'Sticky' model not retraining after optimal result
:Colab code
I tried running through a few parameters for fun using the colab code provided and my optimizer is behaving differently for arange of thresholds than when the thresholds are initially provided. See the attached screenshot. Model prediction for a threshold of 1.02 is [[18.767128]]. When I loop with arange the outputs all ‘lock’ on the best value [[18.999973]] once it is reached, regardless of the threshold passed in.
Just curious why this would be happening - I’m at a loss
Note the reset_states() doesn’t do anything, it’s just something I was trying.
I am trying to find this assignment, which one is it exactly!
is_small_error = tf.abs(error) <= threshold
small_error_loss = tf.square(error) / 2
big_error_loss = threshold * (tf.abs(error) - (0.5 * threshold))
return tf.where(is_small_error, small_error_loss, big_error_loss)
The output calculation depends on the threshhold, maybe you should trace it there to see the difference!
Thanks for looking at it. Yes perhaps some good debugging. It seems to me that the output for say a threshold of 1.02 should be the same regardless of whether it is ‘one off’ or in a sequence however that is clearly not the case. The loss calculation code is very straightforward so my guess is that the predictions are reaching an optimal maximum, something along the lines of the predictions not being initialized - that doesn’t quite ring true but it is some kind of unexpected internal behaviour. I shouldn’t be too obsessed with it but it might be relevant if we start some kind of gridsearch - the results from a series of compile/fit iterations not matching the results once those optimized parameters are used on their own. For the benefit of others the lines preceding the is_small_error… above are:
def call(self, y_true, y_pred):
error = y_true - y_pred
“error” may be a reserved keyword. Try using a different variable name.

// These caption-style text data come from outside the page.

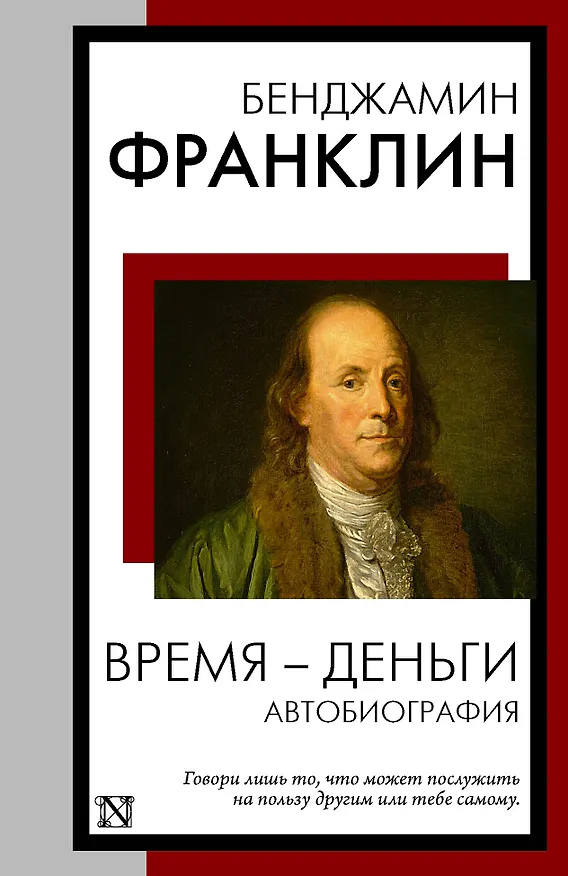 Книга Время - деньги. Автобиография (Бенджамин Франклин) — 1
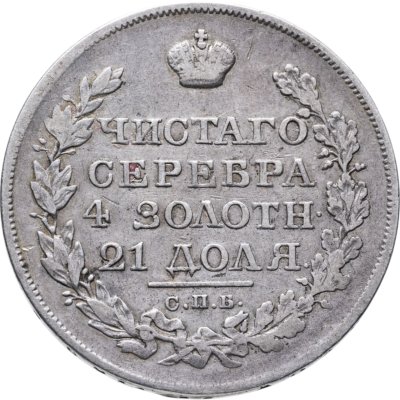 купить 1 рубль 1822 СПБ-ПД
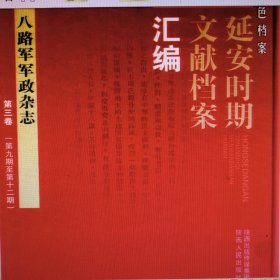 八路军军政杂志第三卷（第9——12期）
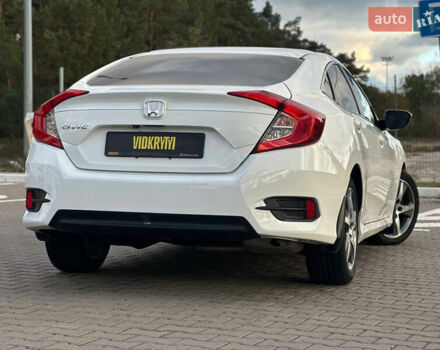 Белый Хонда Цивик, объемом двигателя 2 л и пробегом 153 тыс. км за 12950 $, фото 11 на Automoto.ua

Aaah pretty much found it if not quite understanding the exact behaviour. Compile and fit did not fully reinititalize the model - I needed to create a new model each iteration of the loop. Something to keep in mind if manually creating some kind of custom grid search.
Good suggestion - don’t think that was the root cause here but a good tip to keep in mind.
So somewhere around 2500 epochs of training the model maxes out with the result 18.999973 - my loop was in effect just more epochs of training of the same model.
Did you try using a different loss function? As I can see your model has a single dense layer with a unit of 1, probably using a different optimizet might also lead to a different outcome. Also you have not mentioned about what parameters you are using as I can see your input shape is 1. Please share some details about the dataset you are using, what model you created and what all different ways you have tried.
Labelling and your model quote don’t match probably the reason of your error.
Regards
DP
Thanks Deepti, actually this is a simple lab to try a custom loss function. I do think that the behaviour is caused by not recreating the model so in effect we just keep training and improving. I note that pretty much regardless of other parameters the output in the first loop of the second cell will improve upon the first training cycle done in the first cell before the looping. Really just a misunderstanding on my part of how to create and test a new model - compile/fit simple do not reinitialize everything.